Just days before the Obama administration's decision on Tuesday to delay until 2015 the requirement for medium and large companies to have healthcare coverage plans in place for their employees, the eight person full-time staff at the Carter Malone Group had received their new benefit packages on July 1st. Malone admits when the mandate to supply her workers with healthcare was first introduced, she approached it with some trepidation.
"I had mixed feelings. You know I believe everybody should have an opportunity to have insurance. I think that's important," she explains.
"But, I do also know that as a small business owner I knew that was going to affect my bottom line."
Malone's plunge into the employee healthcare morass started in February when she hired a human resource firm to gather the facts about various insurance plans and then advise her company on how to proceed every step of the way. She and her employees settled on a plan from Blue Cross Blue Shield.
"It was healthcare. It was dental. It was vision. It also included life insurance…We're paying fifty percent of the health insurance, all of the dental and vision and all of the life insurance," she says. "Our firm is small. I believe in trying to keep the employees that you have, especially if you're happy with them. So, to be able to offer those additional benefits, I felt like was an additional bonus to the employee."
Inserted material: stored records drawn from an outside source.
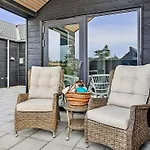 Luxury Retreat With Pool - By Traum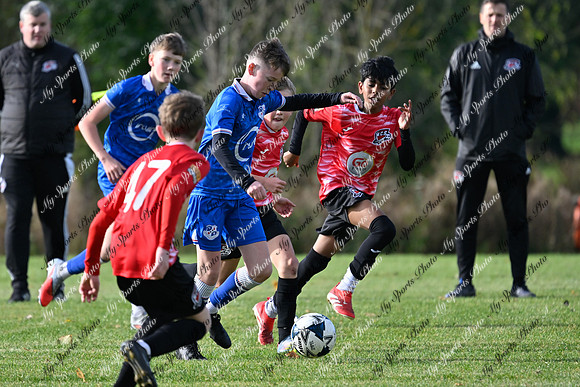 Loughgall v Maiden City-50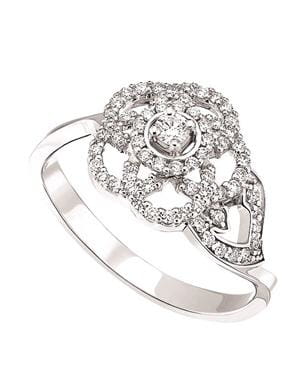 bague 'camélia brodé' de chanel joaillerie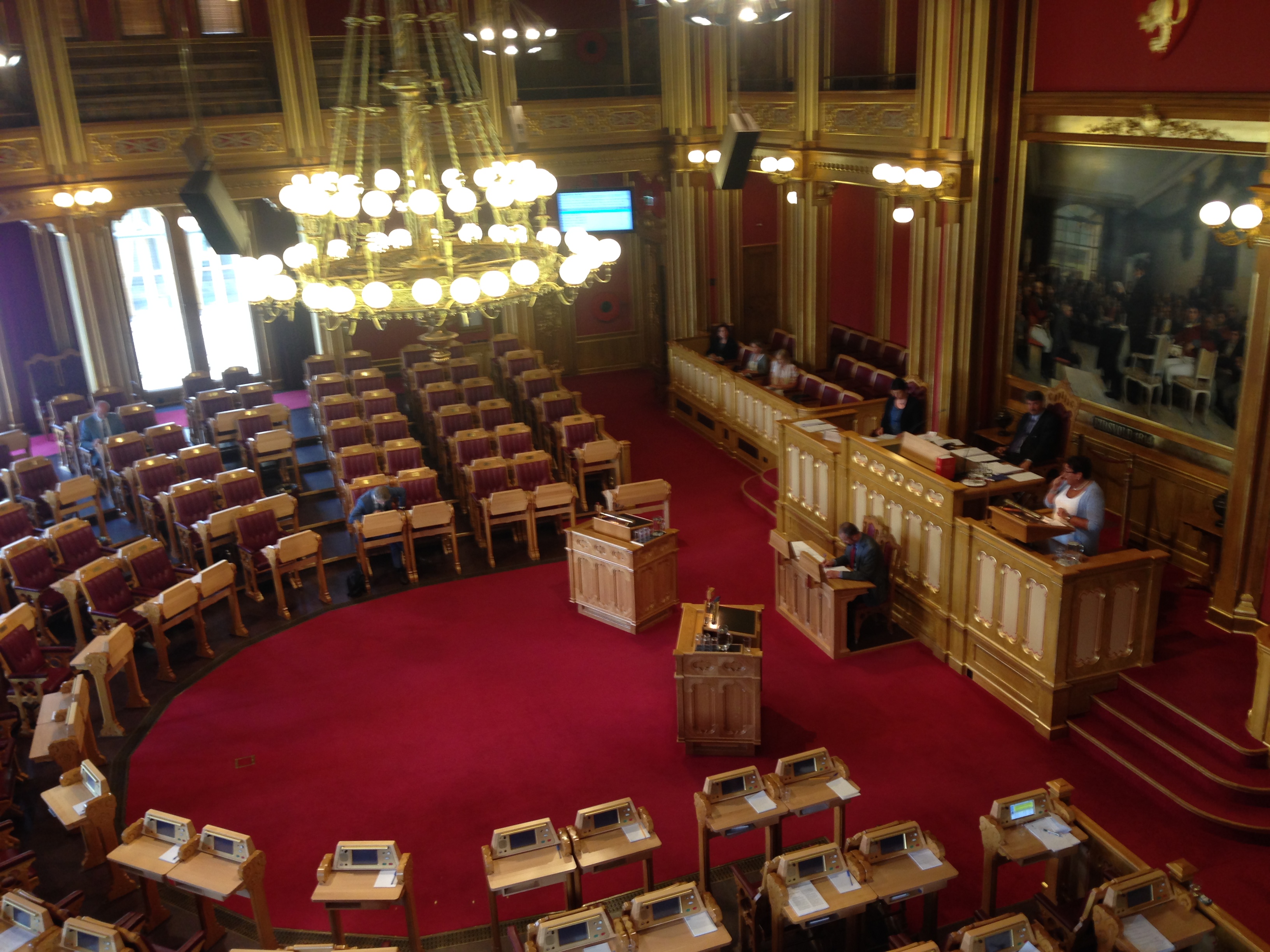 Oslo | Le Storting, le Parlement norvégien - Karl Johans gate 22 | Secret World Trip Planner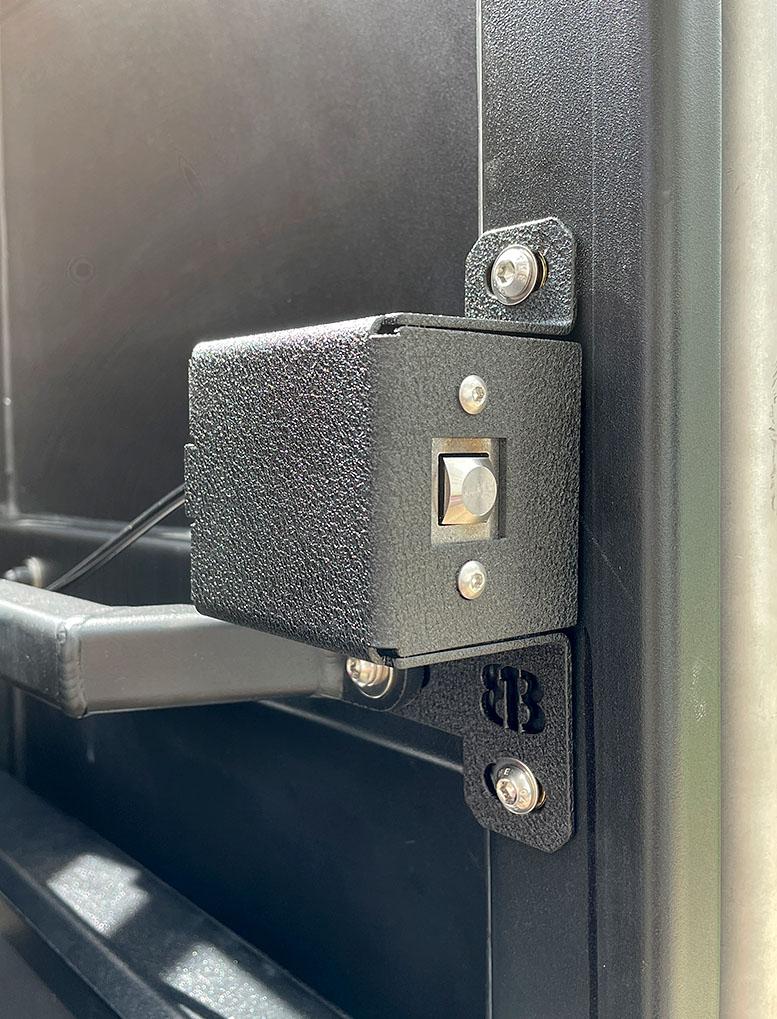 AluCab-DoorLock-17.jpg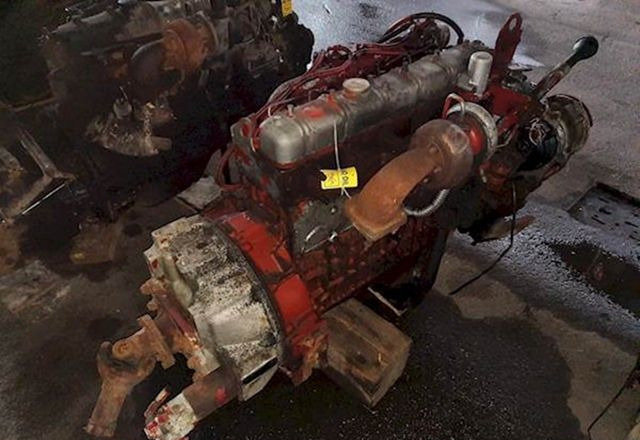 Renault Midlum - Двигатель: фото 4 Renault Midlum - Двигатель: фото 4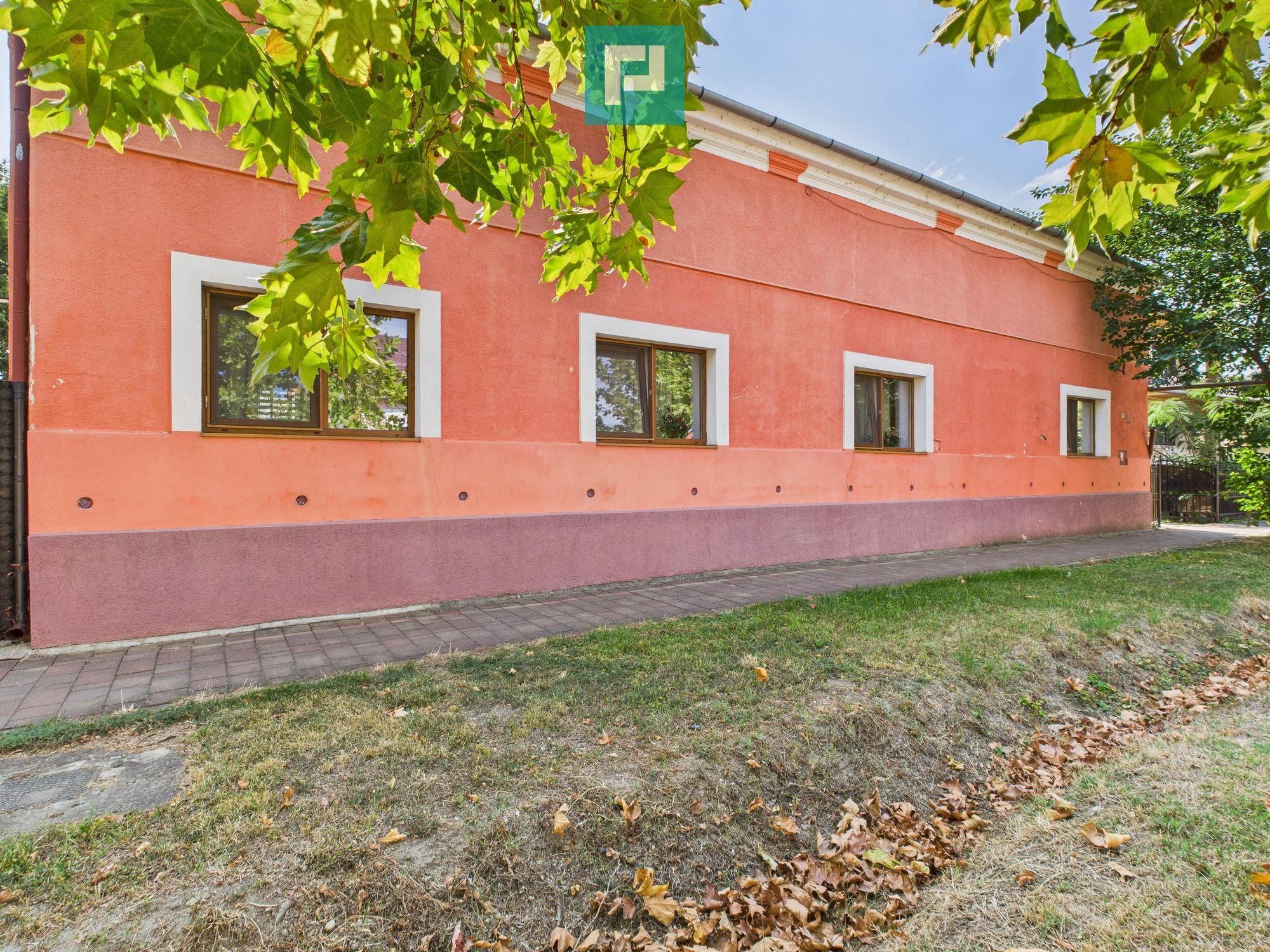 Casă cu 6 camere în Sânicolau Mare Timiș - 4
As for how much it's going to cost her company? Well, you and I both know healthcare doesn't come cheap. But, now as an "early bird" participant in the required employee healthcare field, what advice would Malone pass along to employers who now have a year to procrastinate? Use the time to do more than just think about a plan.
"How much do you appreciate your employees versus how much can you actually afford to pay for the benefit? Then figure it out. You gotta crunch the numbers," she says.